HackerEarth Substrings problem solution

In this HackerEarth Substrings problem solution You have a string S, but you like only special strings. So, you have to calculate the total number of special substrings in S.

A string T, of length L, is called special string, if either of the following property holds:

1. All characters of the string T are same. for example, aaa
2. The string has an odd length (i.e, L is odd) and all characters of T are same except the middle character, for example, aabaa.
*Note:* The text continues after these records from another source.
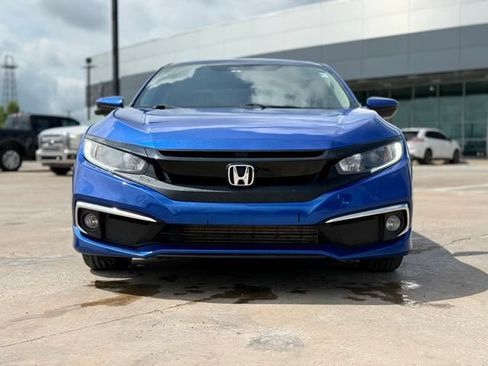 Used 2020 Honda Civic EX image 3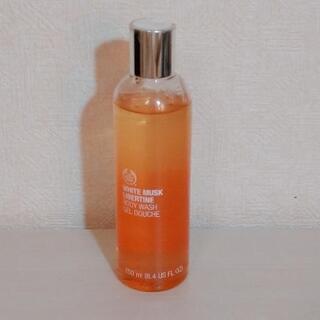 【THE BODYSHOP ボディソープ】250ml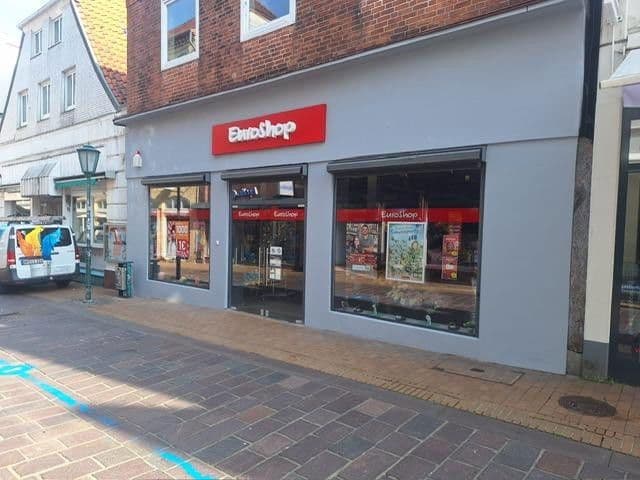 Pronájem nebytového prostoru 361 m², Hohe Strasse 25, Rendsburg, Šlesvicko-Holštýnsko Pronájem nebytového prostoru 361 m², Hohe Strasse 25, Rendsburg, Šlesvicko-Holštýnsko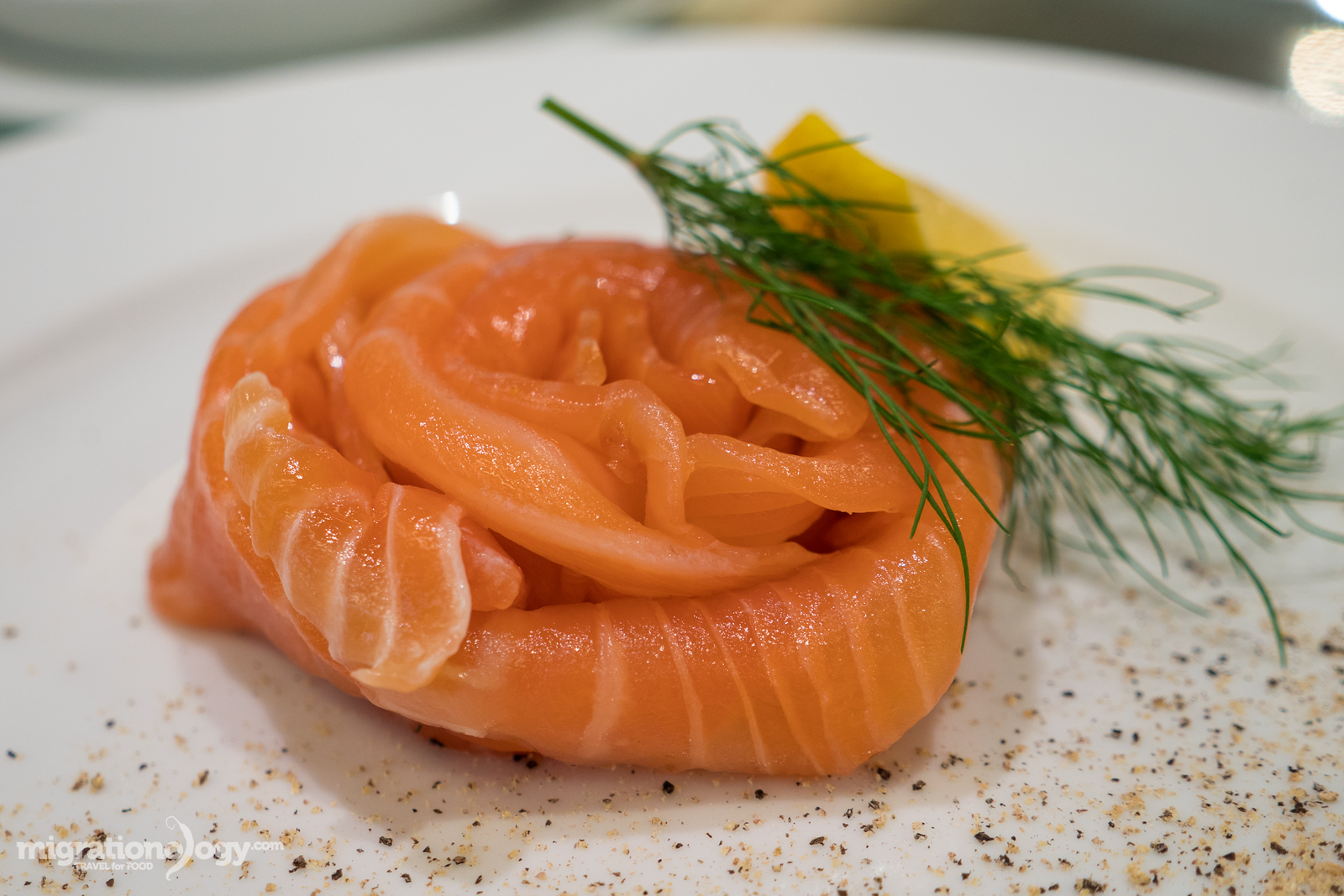 Swedish food guide
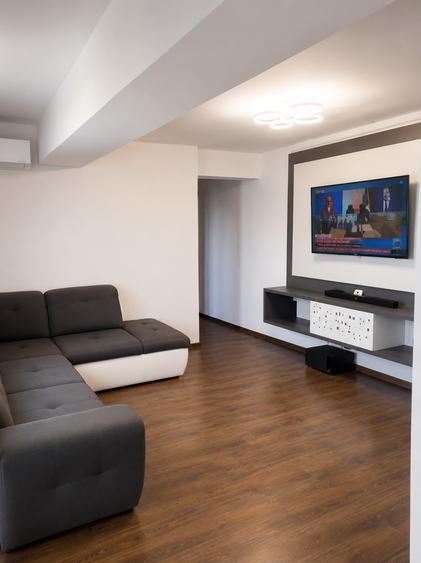 Apartament cu 2 camere în Aurel Vlaicu
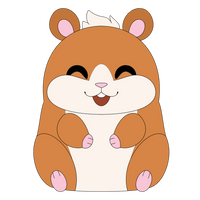 jamiethehamster-plush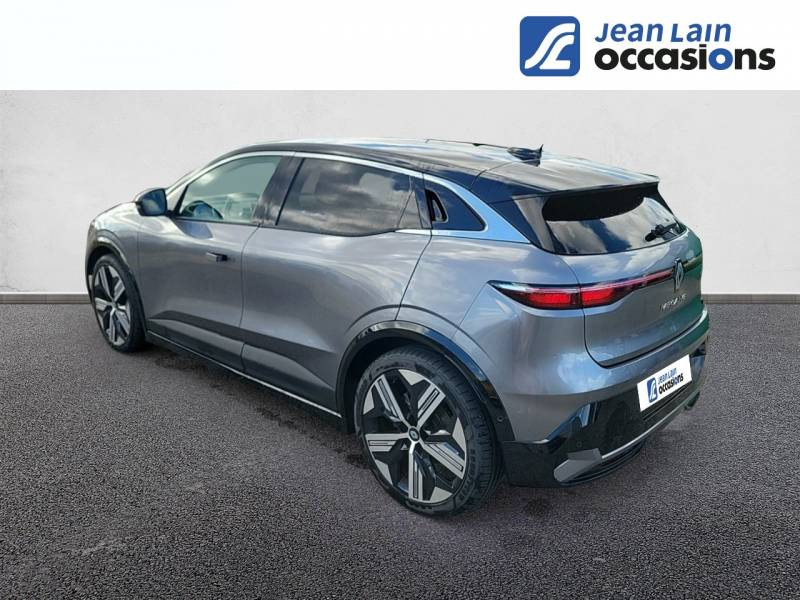 Renault Megane E-Tech 220 ch autonomie confort GSR2 Iconic  occasion  Chatuzange-le-Goubet - photo n7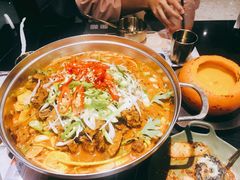 辛牛骨火锅-KCOOKING概念韩餐(世茂52+店)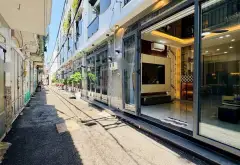 Nhà 3 tầng mới sân bay Tân Bình, 3 phòng ngủ, full nội thất... Bán nhà riêng tại An Hội Tây, Hồ Chí Minh 01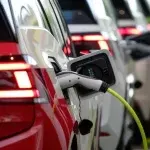 auto elettrica, ricarica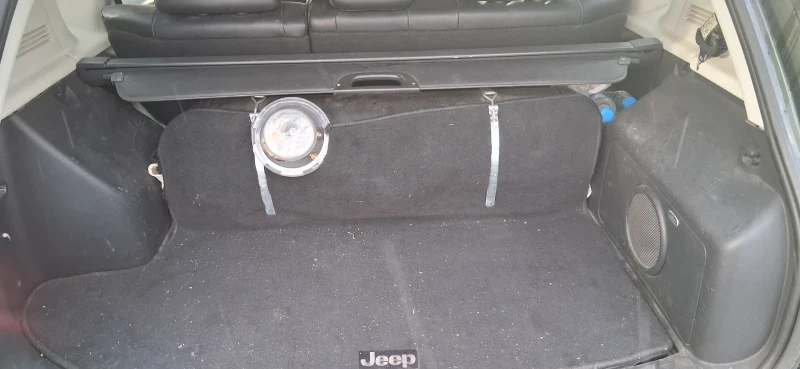 Jeep Compass LPG, снимка 5 - Автомобили и джипове - 52808866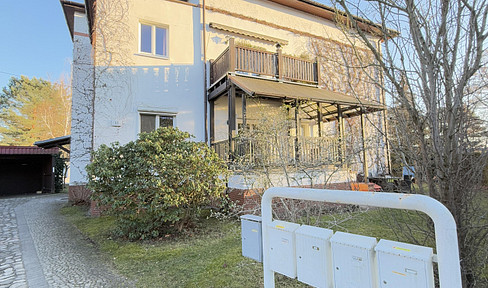 Renovierte 3-Zimmer Wohnung in ruhiger Lage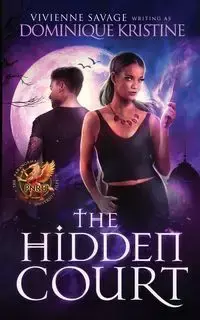 The Hidden Court - Vivienne Savage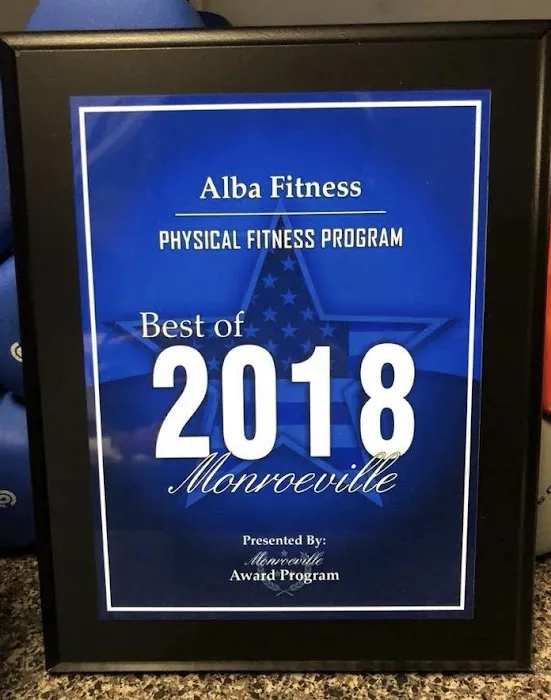 Alba Fitness Picture 2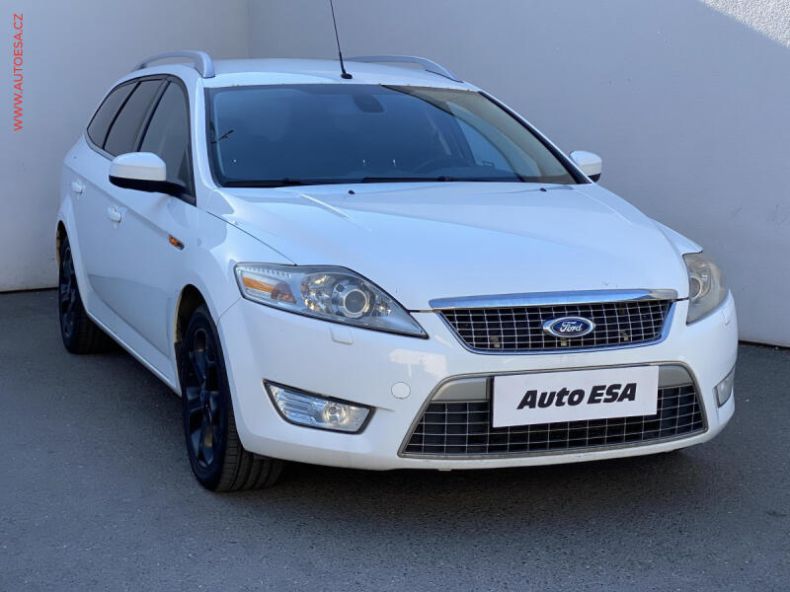 Ford Mondeo - hlavní foto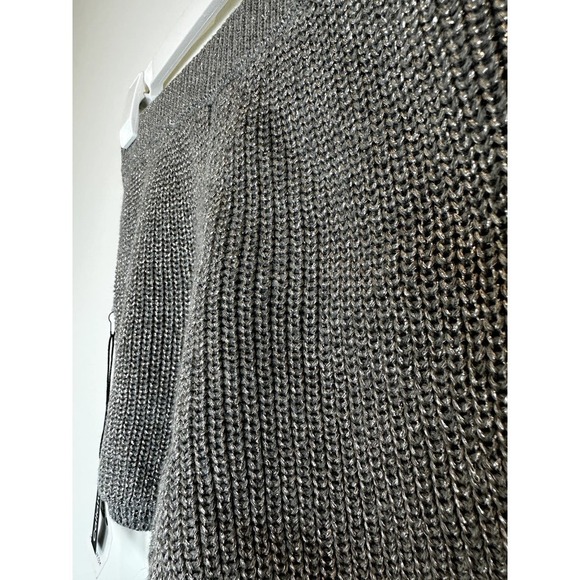 NWT Callahan Knitwear Winona Short Gray size XS - Picture 2 of 5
Count the total number of special substrings in S.

#include<bits/stdc++.h>
using namespace std;

//Constants:
#define N 1000005
#define ll long long
#define pb push_back
#define mp make_pair
#define fi first
#define se second
#define pritnf printf

ll le[N];
ll ri[N];

int main()
{
  ll t,i=0,j,k,x,y,z,count=0,p,flag=0,ans=0,sum=0,l,n,m,max1,min1,pos,tmp,q;
  
  //string s;
  
  t=1;
  
  while(t--)
  {
    string s;
      cin >> s;
      l=s.length();
      
      ans=0;
      //condition 1
      count=1;
      for(i=1;i<l;i++)
      {
        if(s[i]==s[i-1])
          count++;
        else
        {
          ans+=count*(count+1)/2;
          count=1;
        }
      }
      ans+=count*(count+1)/2;
      //printf("%lld ",ans);
      
      //condition 2
      count=1;
      for(i=1;i<l;i++)
      {
        if(s[i]==s[i-1])
          count++;
        else
        {
          le[i]=count;
          count=1;
        }
      }

      count=1;
    for(i=l-2;i>=0;i--)
      {
        if(s[i]==s[i+1])
          count++;
        else
        {
          ri[i]=count;
          count=1;
        }
      }     

      for(i=1;i<l-1;i++)
      {
        p=min(le[i],ri[i]);

        if(s[i-1]==s[i+1] && s[i]!=s[i+1])
          ans+=p;
        //printf("%lld ",ans);
      }

    printf("%lldn",ans);
    
  }
  
  
  return 0;
}